La Poste prise en défaut sur le devoir de vigilance
C’est une première judiciaire : La Poste a été condamnée, mardi 5 décembre, à améliorer la mise en œuvre de la loi de 2017 sur le devoir de vigilance des entreprises en matière de risques humains et environnementaux, dans un dossier impliquant l’emploi de travailleurs sans papiers par des sous-traitants.
Le groupe, dont le capital est contrôlé à 66 % par la Caisse des dépôts et 34 % par l’Etat, devra donc améliorer sa « cartographie des risques » et les dispositifs de suivi et d’alerte censés la compléter. A l’origine de cette décision, la mise en demeure de La Poste, en 2020, par le syndicat SUD-PTT, qui considérait que les documents publiés par l’entreprise ne répondaient pas aux exigences légales, entre autres en matière de recours à la sous-traitance.
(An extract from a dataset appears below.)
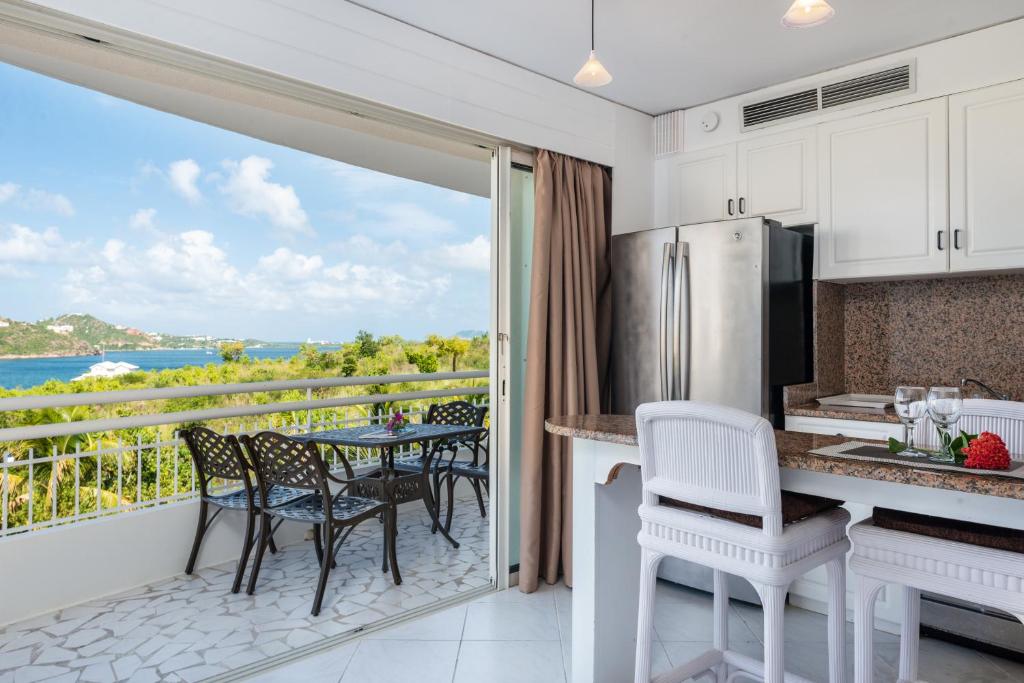 a kitchen with a balcony with a table and chairs at Sint Maarten Blue Dream Studio 6 in Cupecoy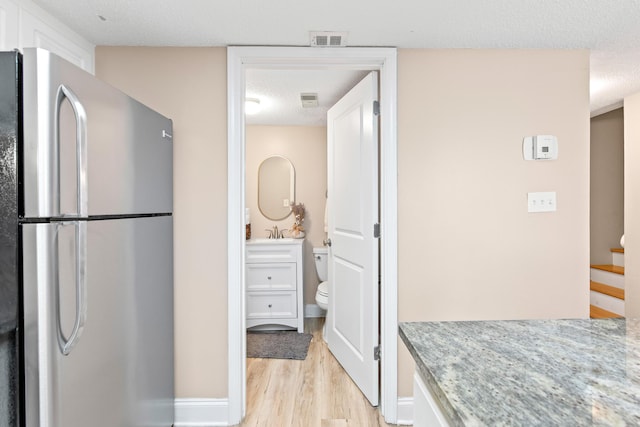 kitchen featuring light wood finished floors, visible vents, freestanding refrigerator, a textured ceiling, and a sink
« Nous avons été alertés en 2019 par un collectif de la plate-forme Chronopost d’Alfortville (Val-de-Marne) sur le fait que des sans-papiers, sous-traitants de l’entreprise Derichebourg, y travaillaient de nuit en s’échangeant des papiers et des badges, explique Nicolas Galépides, responsable fédéral de SUD-PTT. Et deux ans après, le même schéma s’est reproduit chez DPD, une filiale de La Poste. »
« Des procédures d’évaluation des sous-traitants »
Sur le recours à des sans-papiers, le tribunal judiciaire de Paris constate, entre autres, que la cartographie des risques établie par La Poste « ne fait nullement ressortir l’existence de risques liés au travail illégal », ce qui justifie de lui imposer d’établir « des procédures d’évaluation des sous-traitants en fonction des risques précis identifiés ». « Le message envoyé à l’entreprise par le tribunal, c’est : “Il faut vous mettre au boulot” », conclut M. Galépides.
Le tribunal a toutefois rejeté plusieurs demandes de SUD-PTT. Il a notamment refusé de contraindre La Poste à rendre publique la liste de ses sous-traitants et fournisseurs et de lui imposer la mise en œuvre des mesures de prévention du travail dissimulé.
Rejetée également la demande du syndicat d’une astreinte financière de 50 000 euros par jour de retard dans l’amélioration du plan de vigilance, le tribunal prenant acte d’une « évolution notable, dans le cadre d’une démarche dynamique d’amélioration » depuis 2021.
Le groupe public, qui a pris acte du jugement sans se prononcer dans l’immédiat sur un éventuel appel, dit regretter que la loi de 2017 n’ait « fait l’objet d’aucun décret d’application ou de lignes directrices, laissant les entreprises qui y sont soumises dans une grande incertitude juridique » en attendant l’adoption d’une directive européenne en la matière.